The problem is that the mob excitement generated by "throw the bums out" is naturally unsustainable over time even when algorithmically exponentialized, but when young people are increasingly and alarmingly seen as the main victims of "big tech," but paralysis shockingly persists, surely it becomes clear that we have a SYSTEMIC problem beyond the purview of mere governance by WHOMEVER.
Most of our media is complicit in this problem because like big tech, big oil, and ALL big corporations, it's now primarily owned by greedy conservative/male interests, the same guys who embody neoliberalism and the whole capitalist system where corporations rule via disproportionately psychopathic CEO's bent on winning at ALL costs.

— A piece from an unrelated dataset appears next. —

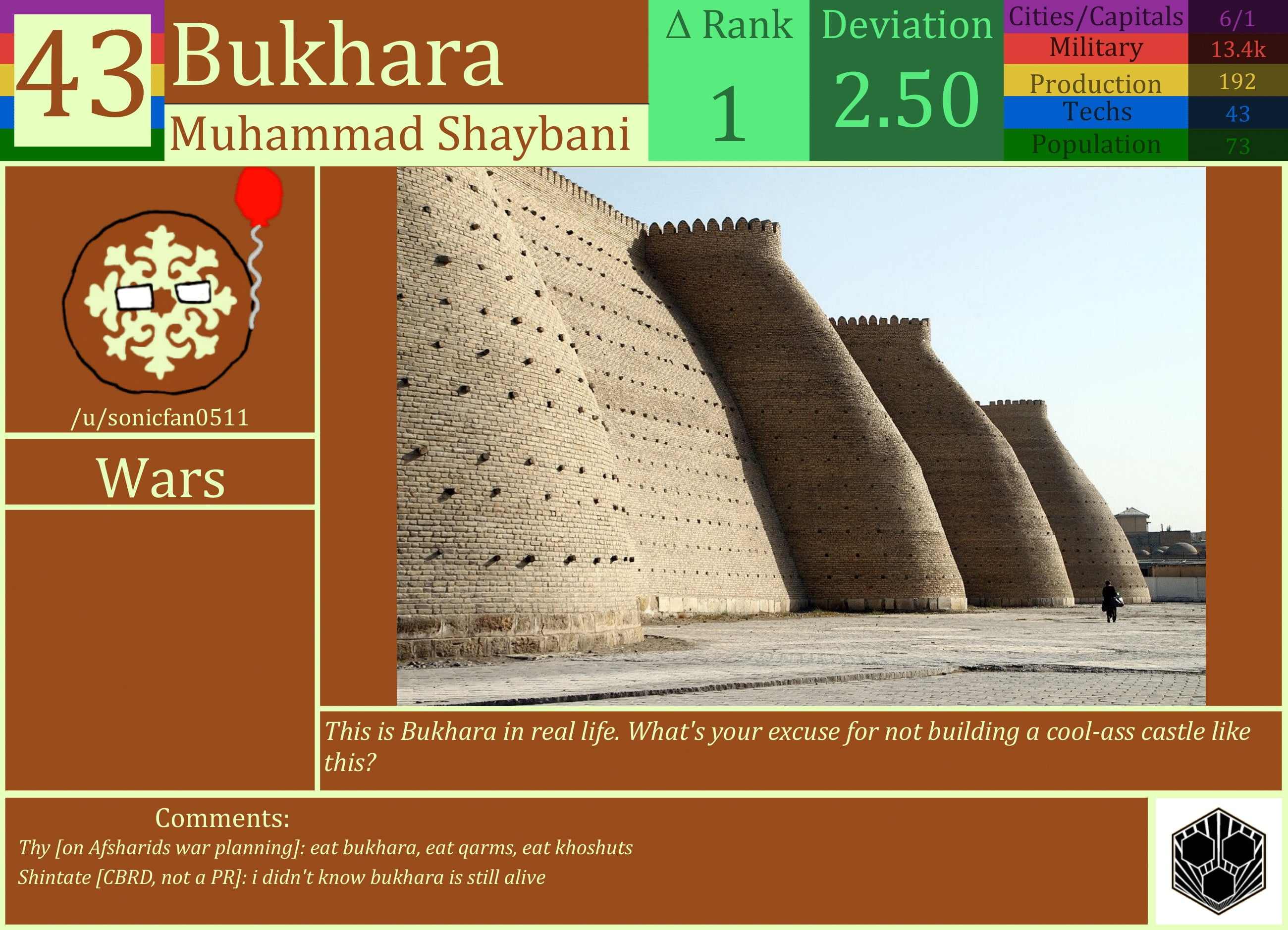 CBR In-Game Screenshot of Bukhara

Only such literally otherworldly egotism could so blithely eschew their own essential "creatureliness," casually dismissing climate change while imagining relocating on fucking MARS FFS. And they accuse WOMEN of "living in their heads!" But women are also the natural adults in the room because they are the mothers, as in Mother Nature.
Again you have to wonder how different it might have been if we'd just called it "Father Nature," but oh no, the male "god idea" stole the show as usual....
But when the "bums" continue to patiently govern like the adults in the room which the Liberals clearly ARE, but out of proper respect have simply FAR too patiently indulged "Her Majesty's Loyal Opposition" even when they've gone full-on rogue by sporting the essential political immaturity of da proud boys' trademark libertarianism, thereby manifesting ever more destructive-of-all-our-institutions-including our-parliamentary-democracy and therefore civilization as we have known it?
Under those circumstances, time and the Trumpster fire so close by are definitely on the Liberals' side.